Somewhere along the way I developed my own personal style of teaching, and I think that is normal. It worked for me, I think my students learned some stuff and seemed to more or less enjoy my classes. However, once I had settled on that style I stopped thinking about how to improve on my teaching. Lesson planning became mechanical for me, everything fit into what
I had decided would be my practice. Again, I don’t think they were bad lesson plans, but there was a certain rigidness to how I planned units. At some point I just stopped reflective practice (even though it had been one of the biggest stressors in PSU’s teaching program). When I started grad school for literature, teaching got pushed back even farther in my brain. I was constantly reflecting on literature, and literary theory, and even how I could use some of the stuff I learned about literature in my classroom, but I was not actually thinking about teaching practices or philosophy, just content matter.

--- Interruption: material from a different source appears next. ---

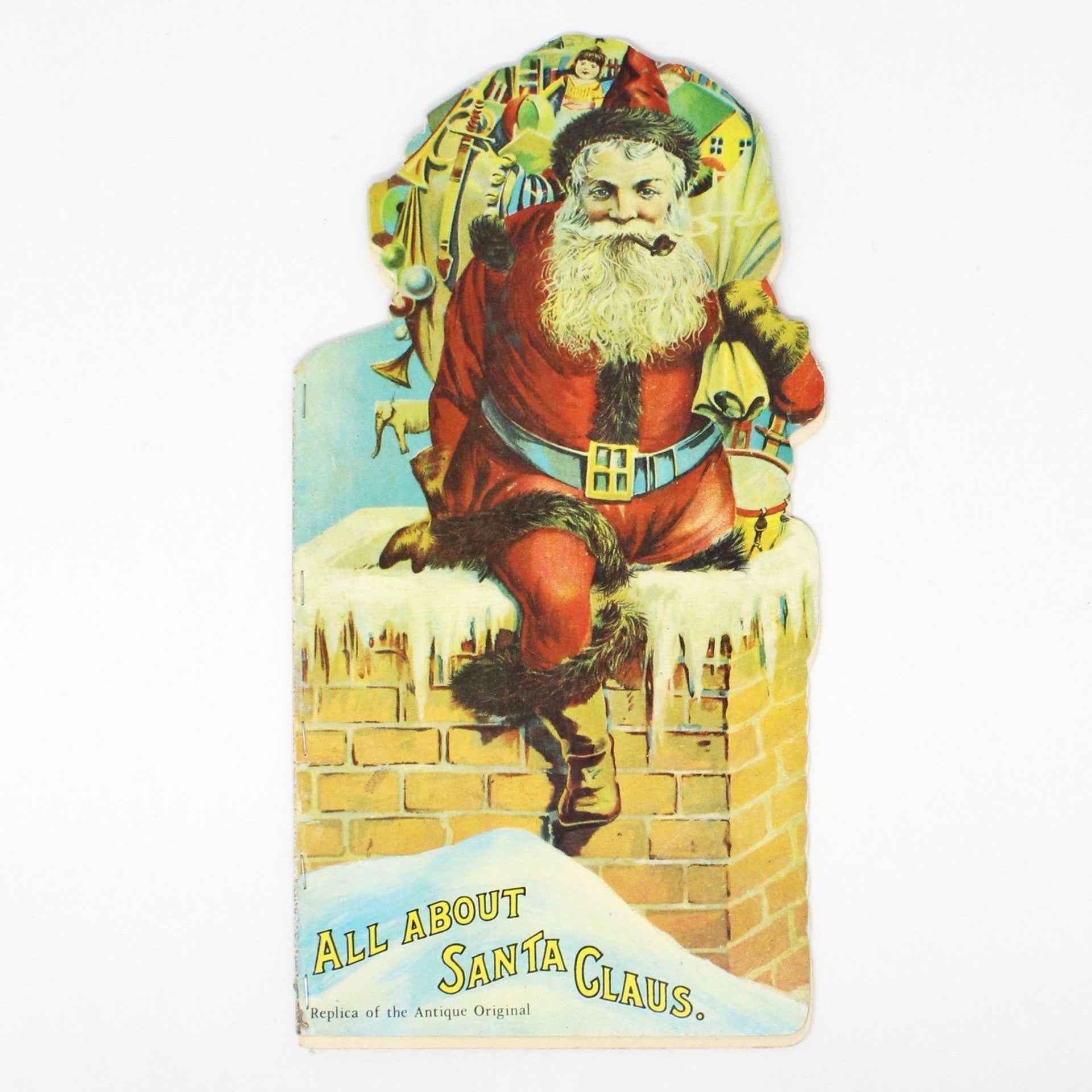 Christmas Ephemera Book: High Quality Images Of Santa Claus and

Other teachers never really talked about these types of things. From what I can tell of faculty lunch rooms, teachers mainly talk about their own children and American Idol. All of the seminars and professional development meetings I had to go to did not really spark my interest either. They always seemed poorly run and taught by people who had not seen the inside of a classroom in over a decade. They were something to get through so I could get back to grading.
However, now as I look back over these blogs, I realize that thinking about teaching, reflecting on my practices is now actively part of my consciousness again. The readings, and even more so the writing about the readings has made me form an opinion on a wide range of pedagogical issues. Honestly, at times, it made me wonder if I have been a bad teacher over the years because I was on auto-pilot (though usually only for a second, I feel pretty good about what I have done). Also, as I begin to try to incorporate some of these ideas into my teaching, I notice that my style of teaching, which had been set, is slowly changing. It is adapting and hopefully getting better. It makes me think of something else that I learned my first year that I have forgotten: we never actually are finished learning about teaching. It is a process and skill that you continue to hone over your career. However, to hone it, you need to constantly be reflecting on it, a lesson I forgot. Looking over the blogs, and now writing this one, I have remembered it and will try not to forget it again.